On the eastern half of the profile, the seismic velocity in the upper 24–30 km of the crust is ≤6.2 km/s, which is consistent with a felsic lithology (Christensen and Mooney, 1995). The upper 10 km is ≤6.0 km/s, except in a region of slightly faster velocity at 5–8 km depth from model km 270 to 325 (Fig. 10). In this area, a slightly faster velocity of 6.2–6.3 km/s is required by the data, based on velocity tests, but this is in the region of poorest ray coverage due to the shot gap and fire-related station gap (Fig. 7), so it is heavily smoothed. With the exception of this feature, there is little velocity difference between the Idaho batholith and the Precambrian craton to the east.

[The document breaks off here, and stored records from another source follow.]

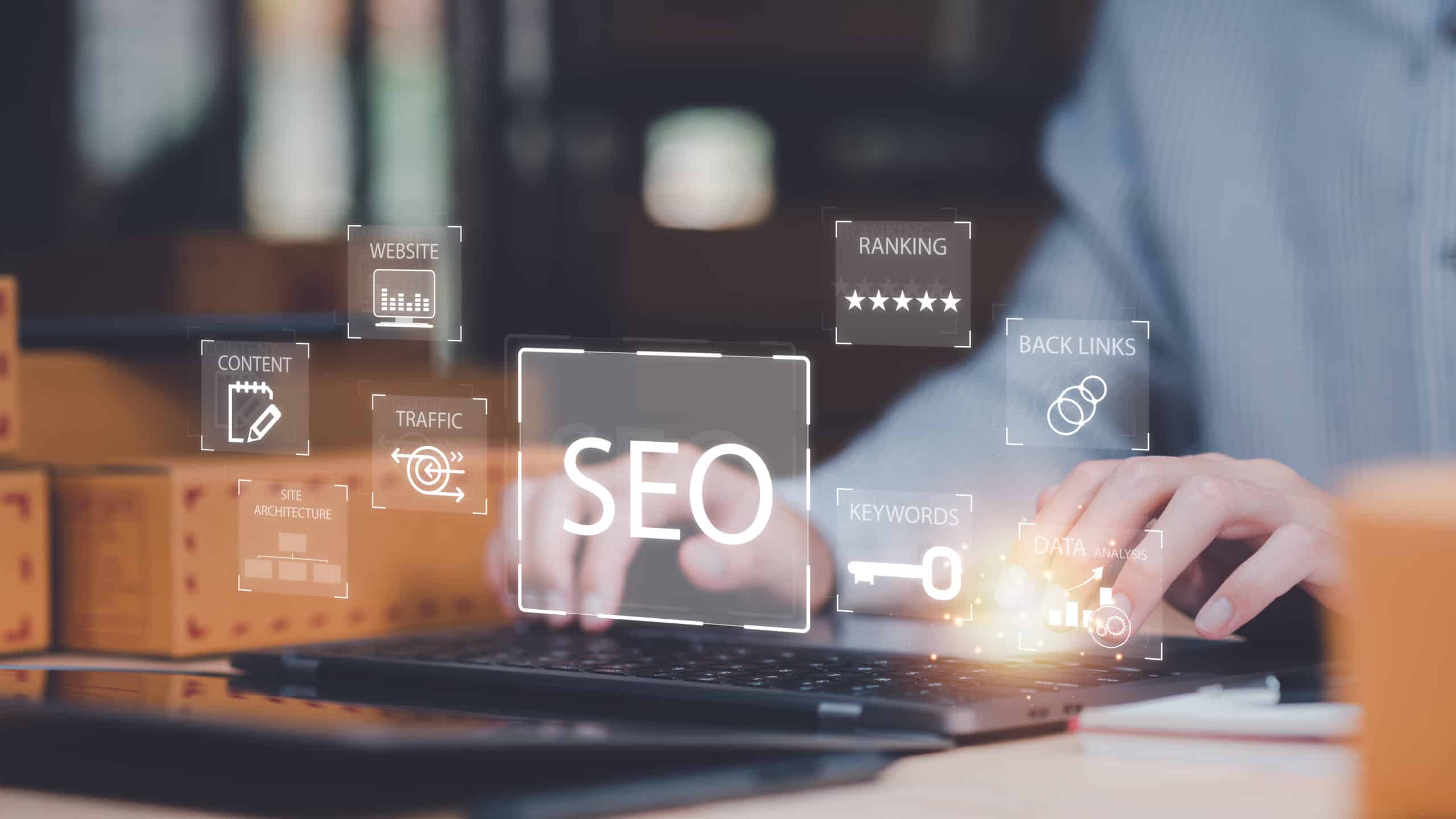 Person typing on a laptop with floating digital icons representing Website Redesign SEO concepts such as keywords, traffic, ranking, website, and backlinks.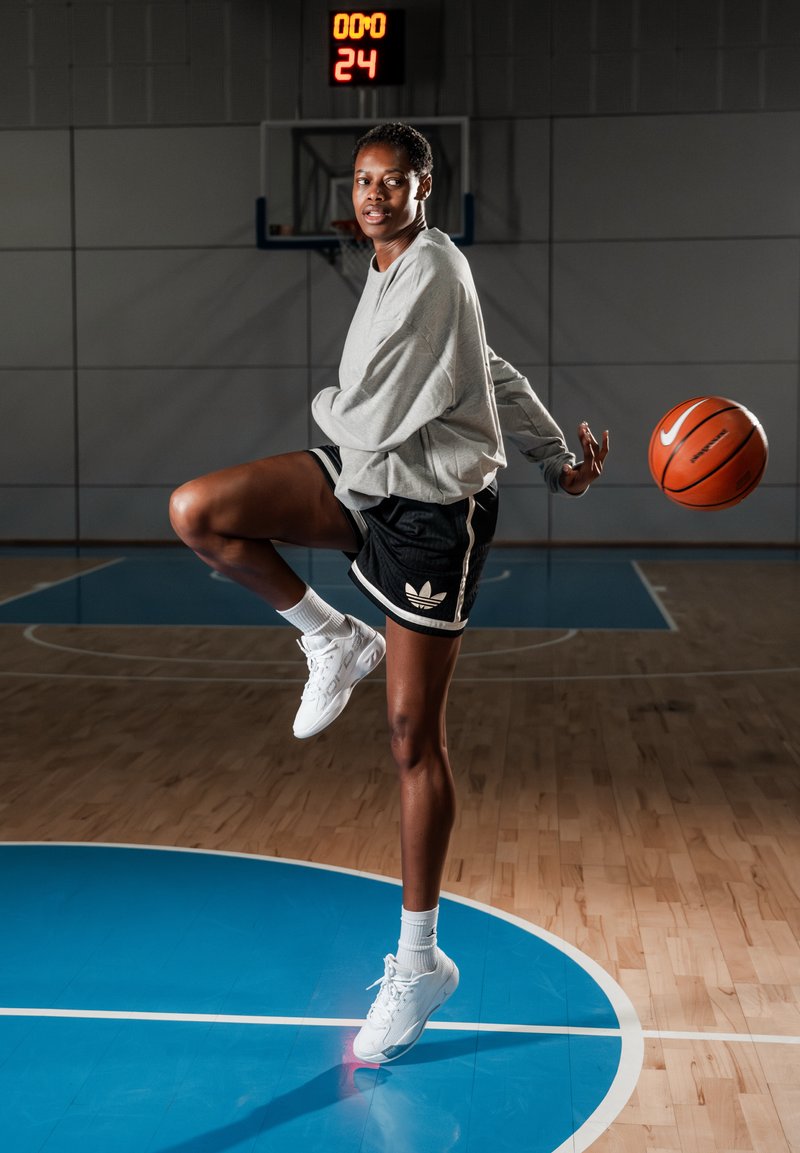 Giocatrice di basket in felpa grigia e pantaloncini neri mentre dribbla a metà campo, con il tabellone che mostra 0:00 e 24 secondi.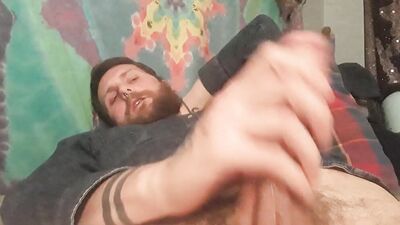 Bearded guy with a fat dick jerks it off solo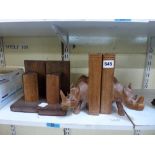 A pair of African carved wood rhinoceros bookends, and a pair of vintage bookends in the form of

A continuous reflector, P2P, is observed on shots 7 and 8 (Figs. 4 and 5), which are reversed across the batholith. This phase corresponds to a reflector at 20–24 km subsurface depth, dipping gently to the east (Fig. 10). A deeper reflector, P3P, is observed on shots 8, 9, and 10 and overlaps laterally with the P2P reflector. This reflector is at ∼29 km subsurface depth, 8–10 km above the Moho (Fig. 10). The seismic velocity below the P3P reflector is 6.6 ± 0.1 km/s, constrained by curvature of the P3P and PmP reflectors. This velocity is consistent with that of intermediate-composition rocks at lower-crustal pressures and temperatures (Christensen and Mooney, 1995). The western end of P3P is not constrained by shot 7 due to shot and receiver gaps and data quality, so it is possible this reflector could extend further west. There is no evidence in the data for an extension, but there is also not clear evidence of the reflector’s termination. The curvature of the P2P and underlying PmP reflectors is consistent with either a westward extension of the velocities above and below the P3P reflector, or a smooth gradient with an equivalent average velocity (Fig. 10). A strong, short P4P reflector exists immediately east of the WISZ at ∼27 km subsurface depth (Fig. 10). Velocity below this reflector, in the lower-crustal corner near the WISZ, is not well constrained, but it is inconsistent with mantle velocity. Several shallow reflectors underlie the eastern half of the line, but none requires an associated large increase in velocity.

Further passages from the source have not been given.